Re: [tor-dev] Even more notes on relay-crypto constructions

9 Oct 2012

      On Tue, Oct 9, 2012 at 12:31 PM, Robert Ransom rransom.8774@gmail.com wrote:
 [...]
...
...
AES-CTR + HMAC-SHA512/256.
AES-CTR + Poly1305.  Poly1305 requires nonces, but we can use a
  counter for those.
Poly1305AES requires nonces.  Poly1305 itself requires
(computationally-indistinguishable-from-) independent keys for each
message.
Right; I meant to say the output of a stream cipher used as a PRF, but
what I meant isn't what I said.  Should've proofed more carefully
...
Please actually read the paper (see also
http://cr.yp.to/papers.html#pema section 2.5 for how DJB uses Poly1305
now).
I read everything I cited.  If there is something I didn't understand,
or something I missed, or something I got wrong, or something I said
wrong, that doesn't mean I didn't read the paper.
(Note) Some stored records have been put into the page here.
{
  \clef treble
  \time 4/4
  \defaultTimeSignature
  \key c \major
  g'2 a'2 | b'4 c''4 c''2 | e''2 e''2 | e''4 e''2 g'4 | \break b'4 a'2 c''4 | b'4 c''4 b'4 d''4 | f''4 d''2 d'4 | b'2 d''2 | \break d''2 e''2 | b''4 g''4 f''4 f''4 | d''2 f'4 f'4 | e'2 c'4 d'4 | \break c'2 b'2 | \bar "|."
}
I am not going to be able to draw all the right inferences from every
paper on my own, though.  And I am *definitely*, *frequently*, going
to read papers, come up with questions, and post those questions here
sometimes even when the paper, properly understood, would answer my
questions.  If I were writing for publication, I'd want to keep all my
ideas secret until I could answer all my questions and make sure all
my answers were right, but I'm not writing for publication -- I am
writing to get feedback from other people and learn things.  Thank you
for helping me learn things!
Also thank you for reminding me to read
http://cr.yp.to/antiforgery/securitywcs-20050227.pdf again.  I'll
check it out.
...
...
Salsa20 + Poly1305.
For a padding PRNG, we could use any stream cipher we like.
In each case, we'd want to authenticate not only the content of the
cell, but also the previous cell's authenticator and the position of
the cell within the stream.
AES-GCM+AES is going to be the fastest on CPUs with specific support
for AES and GCM, but not on other architectures until/unless more
chips grow instructions specialized for AES and GF(2^128).
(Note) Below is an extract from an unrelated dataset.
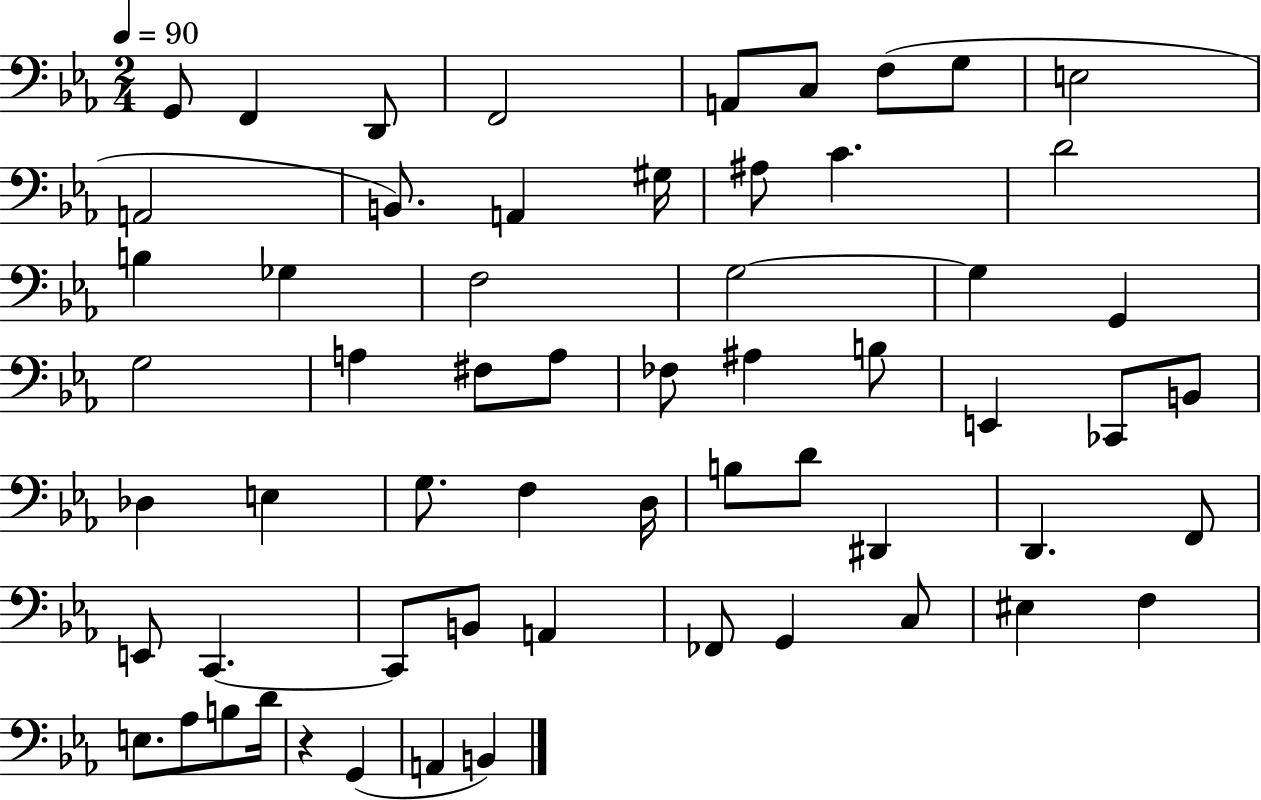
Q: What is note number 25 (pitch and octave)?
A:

Salsa20+Poly1305 should be fastest on other architectures.
This entire category of designs still has the problems that it had
before: it leaks the length of the circuit to the last node in the
circuit, and consumes a fairly large portion of each cell (for one
truncated mac per hop).  Further, it's going to be a bit fiddly
(though not impossible) to get it to work with rendezvous circuits.
Explicitly leaking the circuit length is very very bad.
Are there any non-obvious reasons why?  Does it lead to any better
attacks than the obvious ones?
...
The MAC-based designs do not mention how to prevent end-to-end tagging
in the exit-to-client direction.  I suspect they won't try to prevent
it at all.
That's correct.  Why would it be an attack for the exit to send a
covert signal to the client?  The exit already has valid means to send
overt signals to the client, and the client Tor is presumed not to
want to break its own anonymity.
...
...
II. WIDE-BLOCK DESIGNS
Turn we now to designs where we encrypt each block of the cipher using
a 509-byte SPRP, such that each block's SPRP is keyed dependently on
the original key and on the encrypted value of the previous block.
There be dragons here.  Let's talk about some ways we could build
that.  I'll start by talking about wide-block encryption, then talk
about getting the "unrecoverability" property where any missing or
corrupted block makes all future blocks unrecoverable.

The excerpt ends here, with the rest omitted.